Por fim, Rickon chegou correndo ao bosque sagrado, com Cão Felpudo logo atrás. Ficou vendo Nabo e o Pequeno Walder lutarem pelo bastão, até que Nabo se desequilibrou e caiu, provocando um grande esguicho de água, balançando os braços. Rickon gritou:

– Eu! Agora eu! Quero jogar! – Pequeno Walder fez sinal para ele subir, e Cão Felpudo começou a segui-lo. – Não, Felpudo – mandou o irmão. – Os lobos não podem brincar. Fica com Bran.

E o lobo ficou…

… até o momento em que o Pequeno Walder bateu com o bastão em Rickon, bem em cheio, na barriga. Antes que Bran piscasse os olhos, o lobo negro voou sobre a prancha. Havia sangue na água, e os Walder guinchavam como se fosse o fim do mundo. Rickon sentou-se na lama, rindo, e Hodor chegou pisando pesado, gritando “Hodor! Hodor! Hodor!”.

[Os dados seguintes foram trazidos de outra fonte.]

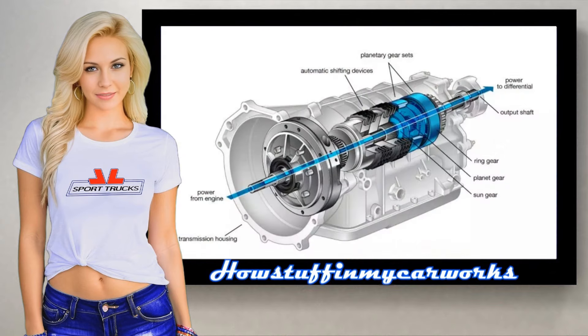Number 3: Stuck in gear. You might find that the vehicle gets stuck in one gear and won't shift, either remaining in a low gear or high gear.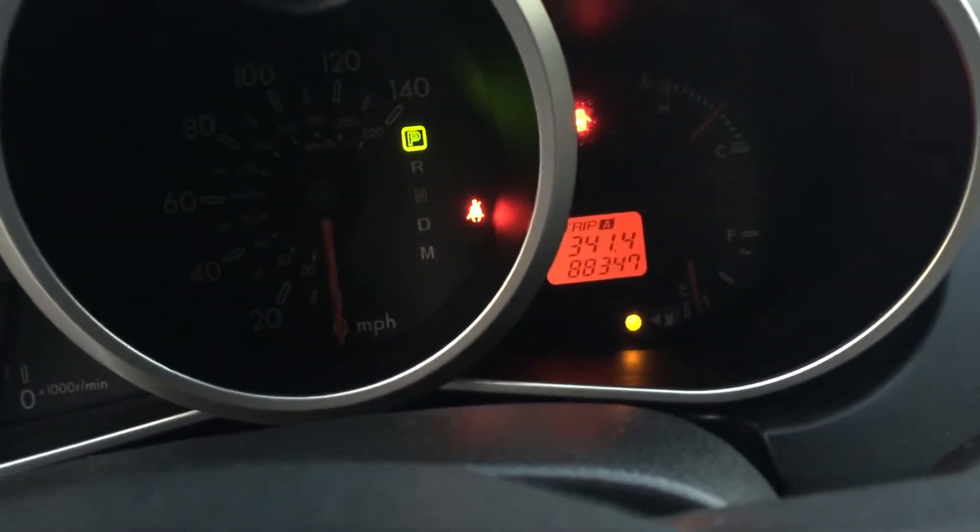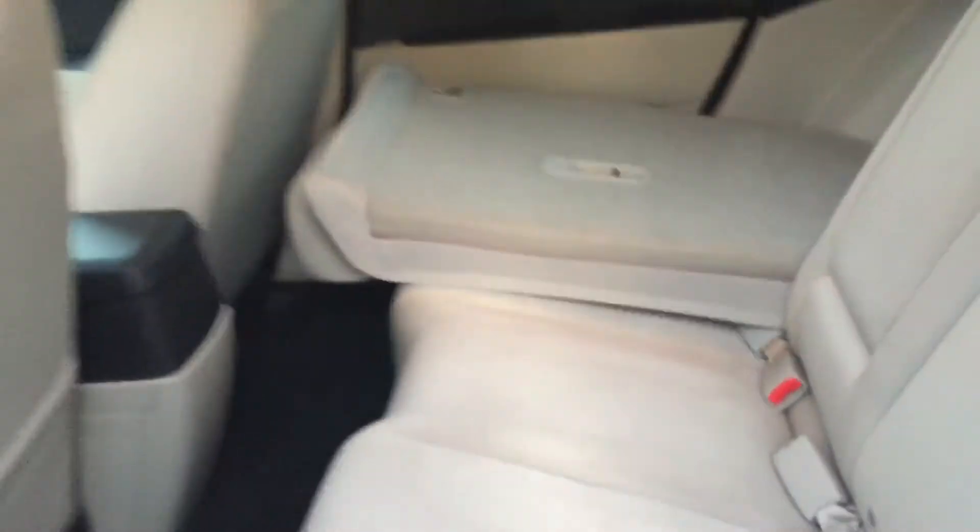This actually has 18,000 miles. The back seat is down right now, I'll bring it up in a second. There's a lot of trunk space on this Mazda.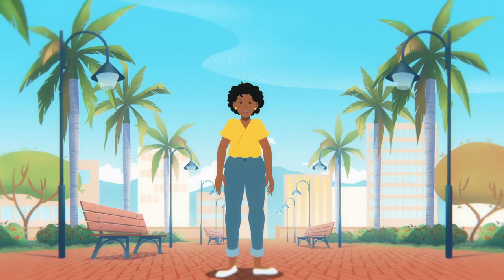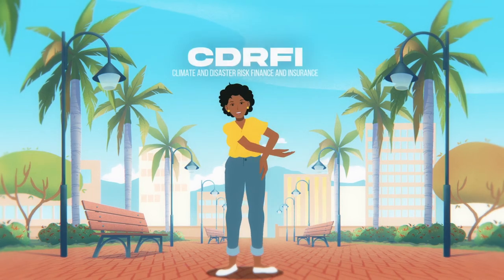Hi, I'm Crystal. Welcome back to our CDRFI video series.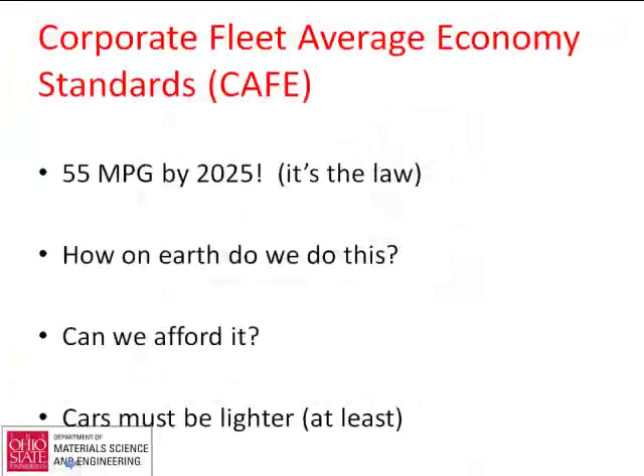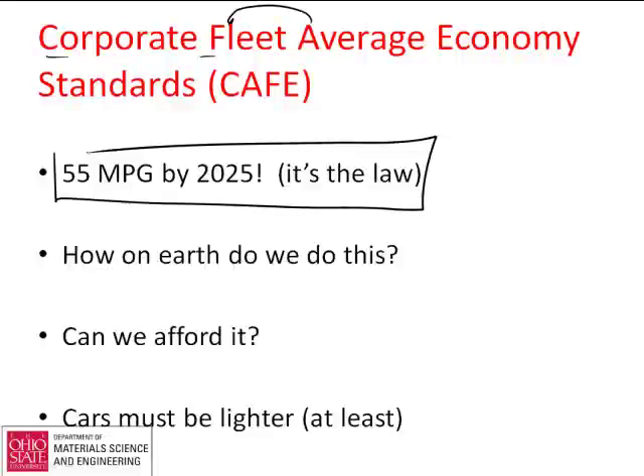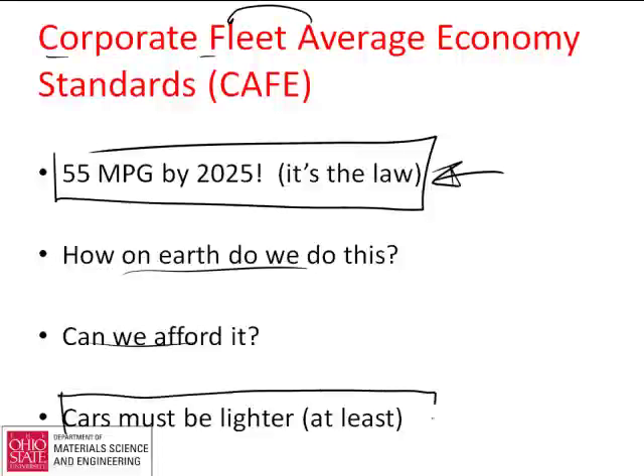Now I want to take this thinking and turn it to the example of an automobile. Right now, Washington has put into effect corporate average fleet economy (CAFE) standards — by 2025, the law says we're going to be driving cars that on average get 55 miles per gallon. How do we do this? Everybody who makes cars agrees that cars are going to have to be lighter if we're going to get there. They may also use hybrids, natural gas, and other approaches, but the one thing that's clear is they're going to have to be lighter.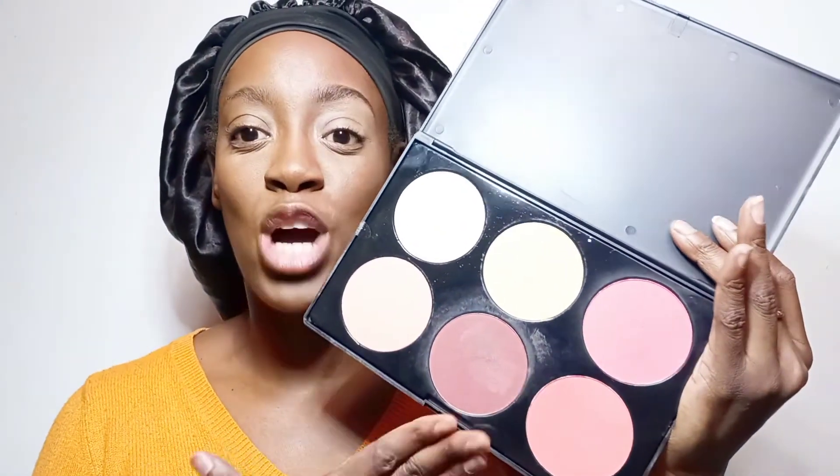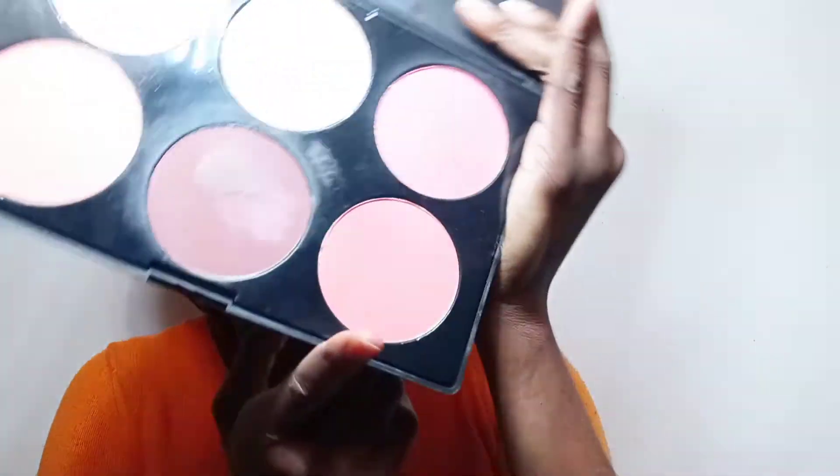Then I like to go in with my beauty blender and kind of blend everything out one more time and pat that setting spray in so that everything is nice, smooth, and like skin — let's butter, baby! So I do want to do some contour on the 2018 side. What I used to use was my Pro Artistry palette — I got this from Five Below and I must admit I really liked it. This was the very first thing I bought for contour and blush. I would hit the brown shade right in my cheekbone, and then use a smaller brush to do my nose.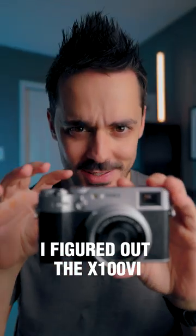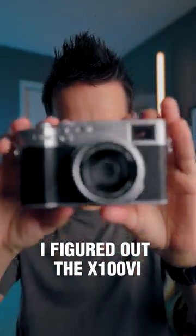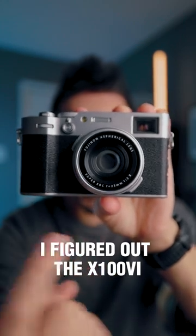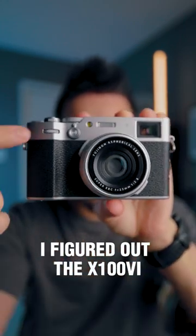I have figured out why the X100 series cameras are so popular. Take a close look at this — the silver, the black, the rangefinder, the lens, the buttons.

Depois daquilo, estranhamente, Rickon decidiu que gostava dos Walder. Não voltaram a brincar de senhor da travessia, mas jogavam outros jogos – monstros e donzelas, gatos e ratos, entra-no-meu-castelo, todo o tipo de coisas. Com Rickon a seu lado, os Walder saqueavam as cozinhas em busca de tortas e favos de mel, faziam corridas em volta das muralhas, atiravam ossos aos cachorros nos canis e treinavam com espadas de madeira sob o olhar atento de Sor Rodrik. Rickon até lhes mostrou as profundas abóbadas debaixo da terra onde o pedreiro esculpia a sepultura do pai.